Everything from the line with "2026 Topps Finest James Wood #83 card" down to the line with "DIERFENG DF-03 iPhone" below must be printed exactly, those two lines included. Exclude pictures.

-------- Material provided --------

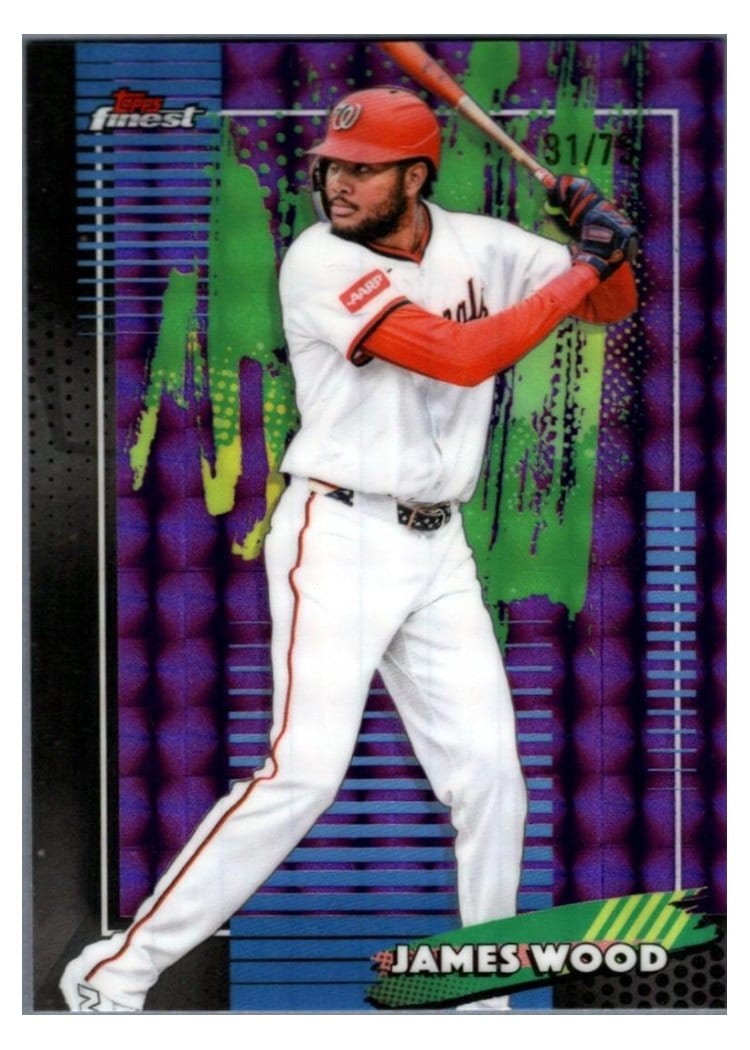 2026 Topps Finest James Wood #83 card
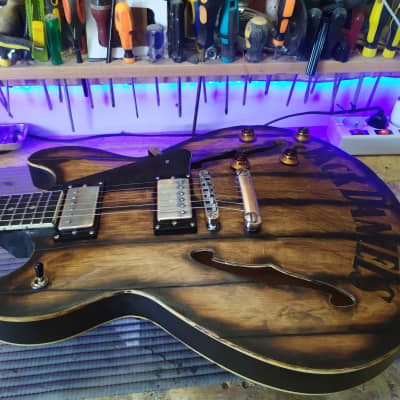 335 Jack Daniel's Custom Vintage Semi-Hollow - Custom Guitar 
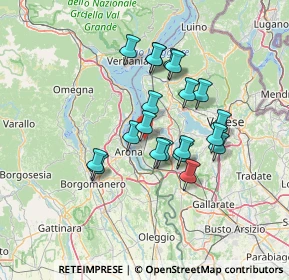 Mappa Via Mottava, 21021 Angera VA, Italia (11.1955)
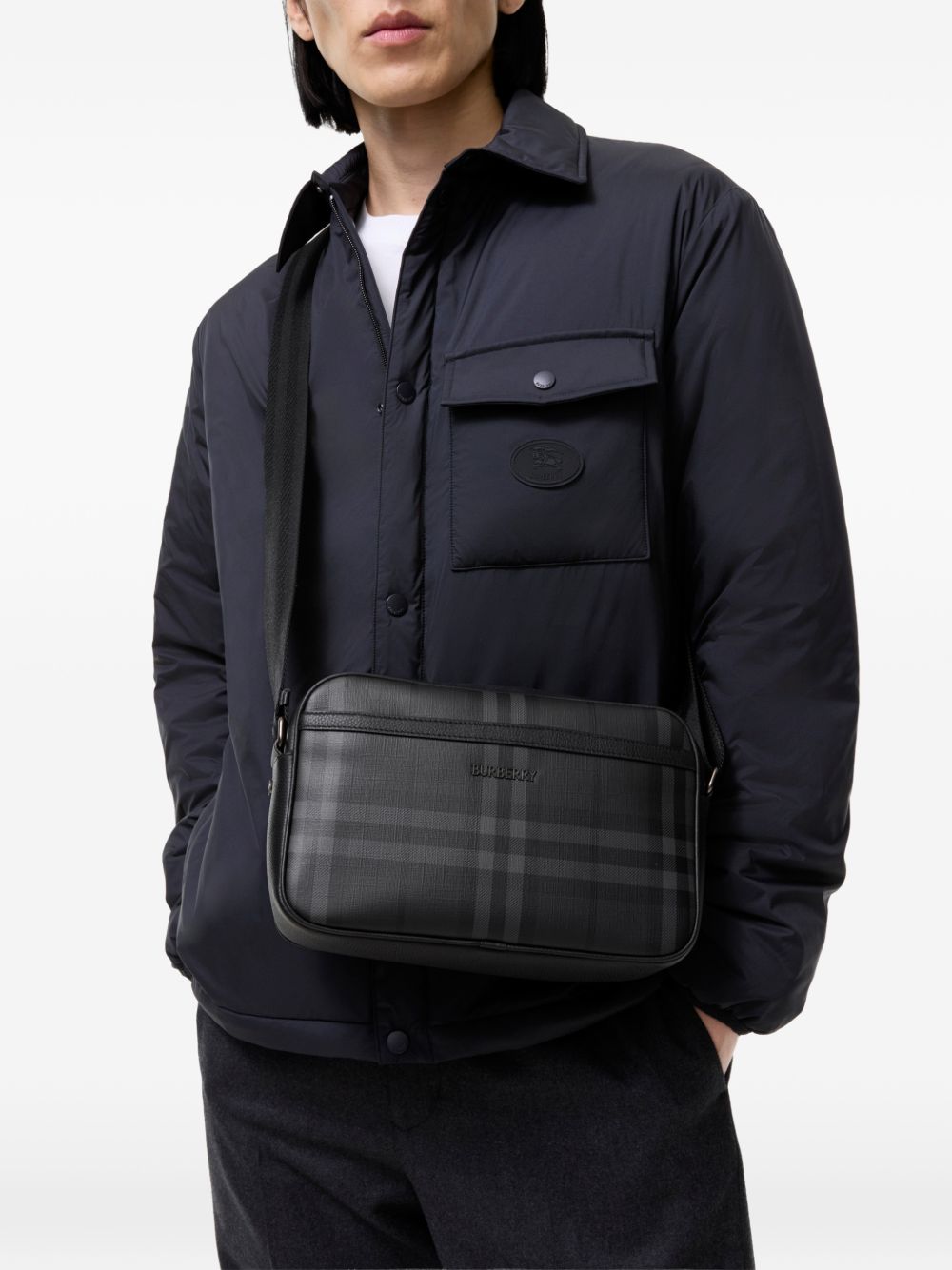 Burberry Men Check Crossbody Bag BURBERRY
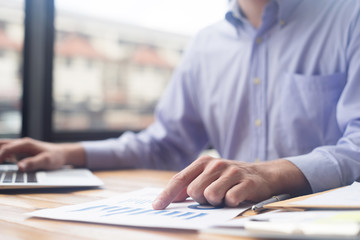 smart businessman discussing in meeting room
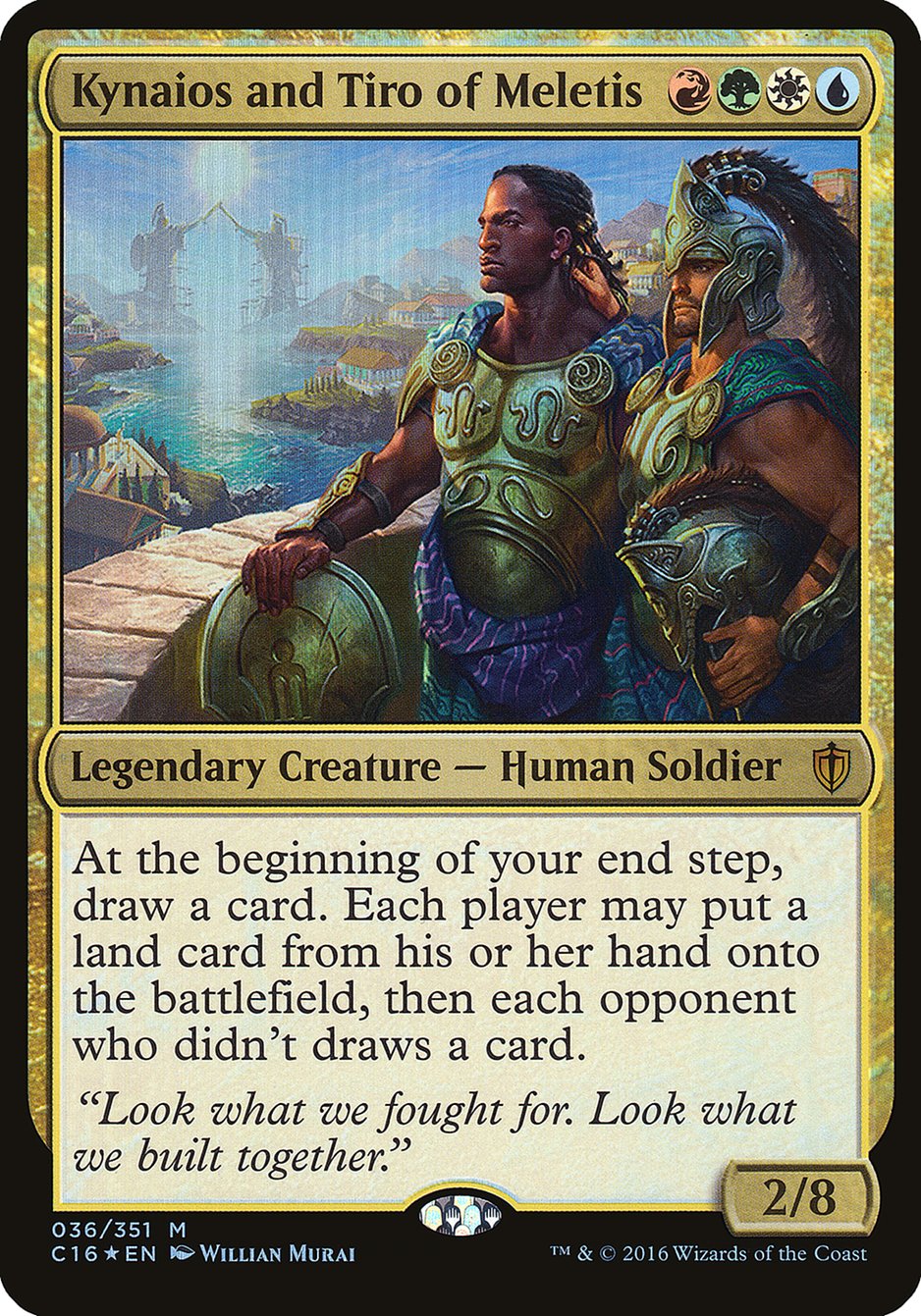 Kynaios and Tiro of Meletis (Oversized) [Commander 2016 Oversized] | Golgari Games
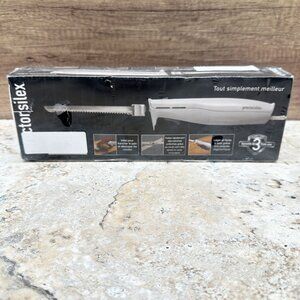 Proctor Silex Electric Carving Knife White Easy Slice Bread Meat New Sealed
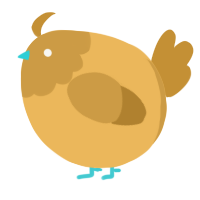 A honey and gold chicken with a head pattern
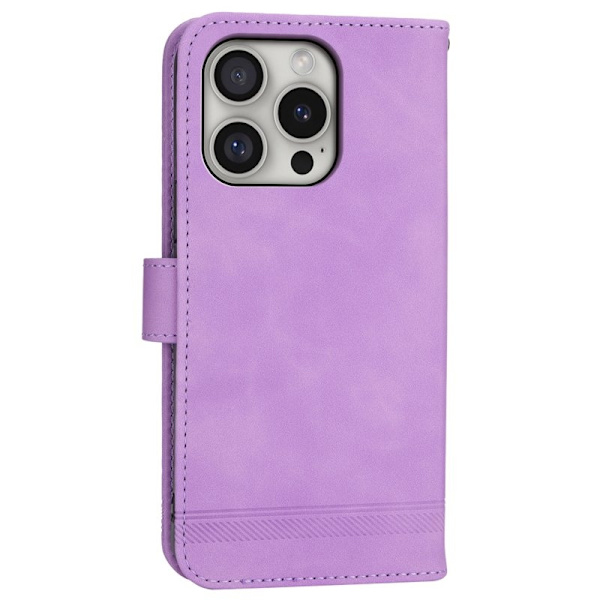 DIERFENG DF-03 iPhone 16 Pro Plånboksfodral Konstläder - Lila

--------
-------- Material provided --------

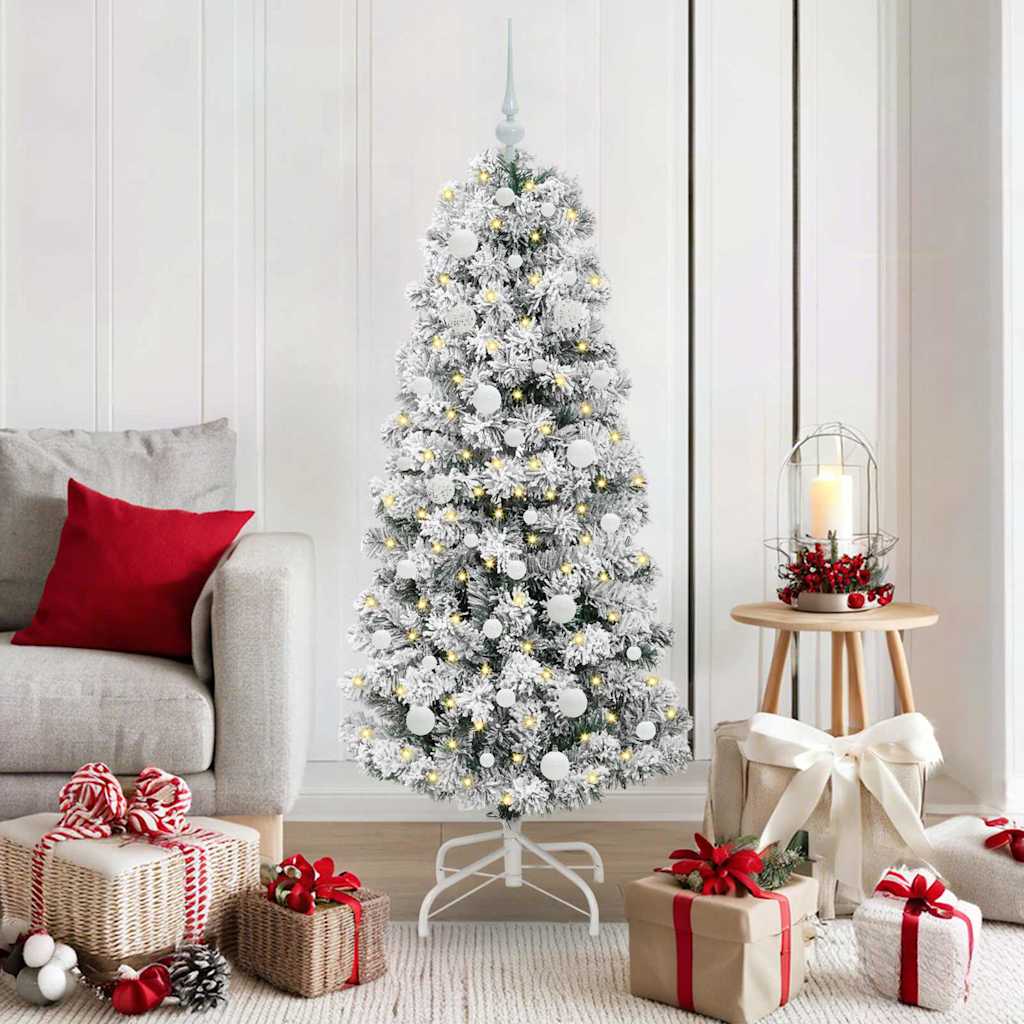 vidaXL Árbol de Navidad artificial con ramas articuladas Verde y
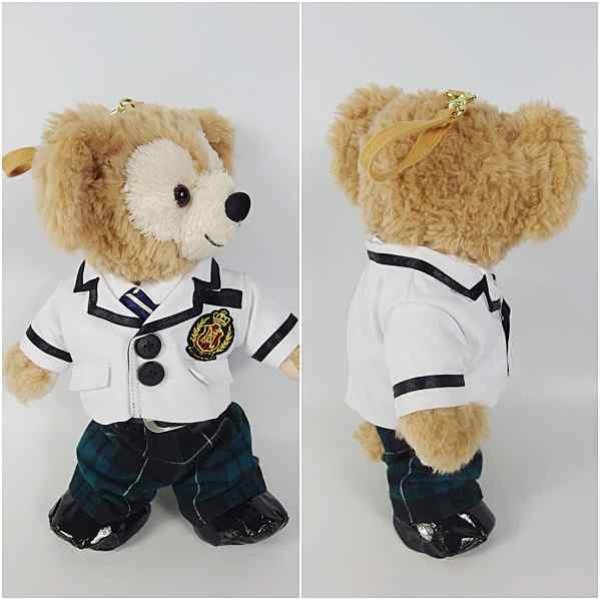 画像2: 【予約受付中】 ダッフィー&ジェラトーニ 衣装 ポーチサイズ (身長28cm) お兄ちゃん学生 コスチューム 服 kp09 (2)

--------
-------- Material provided --------

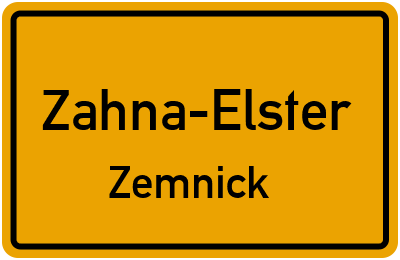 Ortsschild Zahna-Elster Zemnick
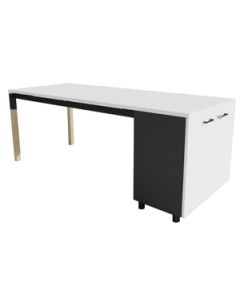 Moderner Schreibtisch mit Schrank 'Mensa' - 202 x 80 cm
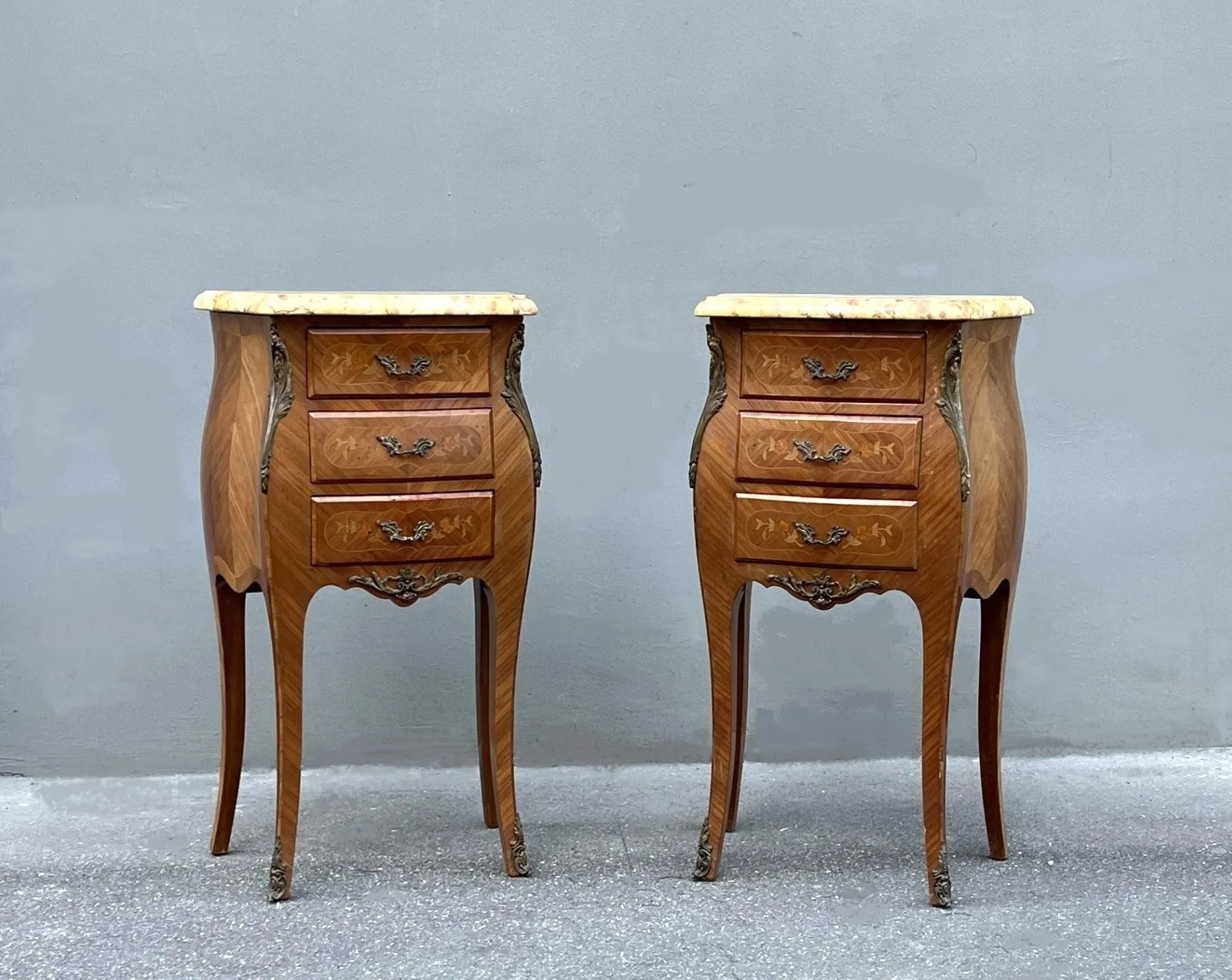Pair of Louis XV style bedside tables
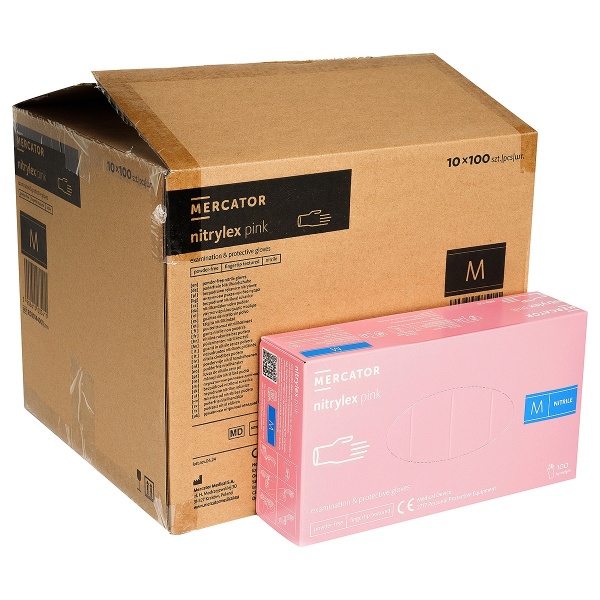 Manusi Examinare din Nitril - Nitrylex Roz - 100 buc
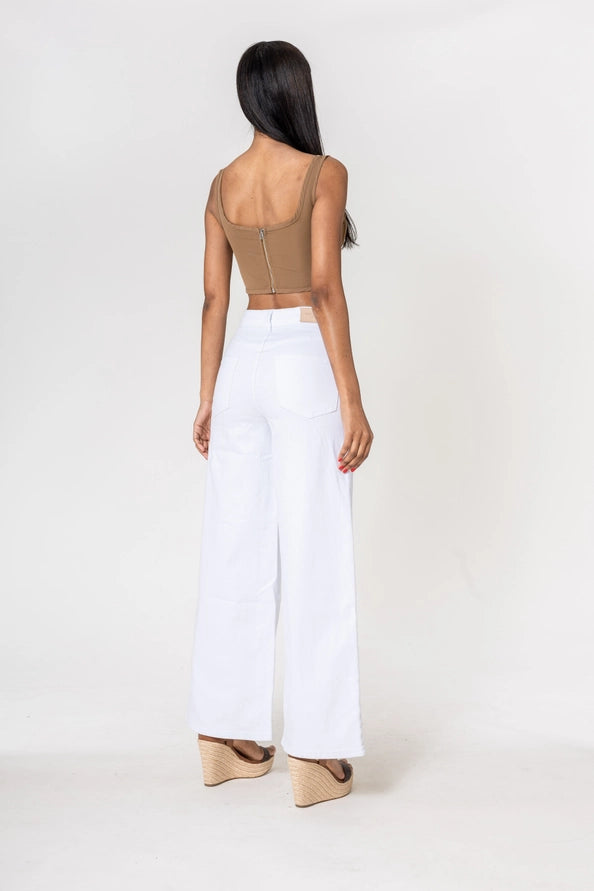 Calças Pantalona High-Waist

--------

• Written solution:
 2026 Topps Finest James Wood #83 card
 335 Jack Daniel's Custom Vintage Semi-Hollow - Custom Guitar 
 Mappa Via Mottava, 21021 Angera VA, Italia (11.1955)
 Burberry Men Check Crossbody Bag BURBERRY
 smart businessman discussing in meeting room
 Kynaios and Tiro of Meletis (Oversized) [Commander 2016 Oversized] | Golgari Games
 Proctor Silex Electric Carving Knife White Easy Slice Bread Meat New Sealed
 A honey and gold chicken with a head pattern
 DIERFENG DF-03 iPhone 16 Pro Plånboksfodral Konstläder - Lila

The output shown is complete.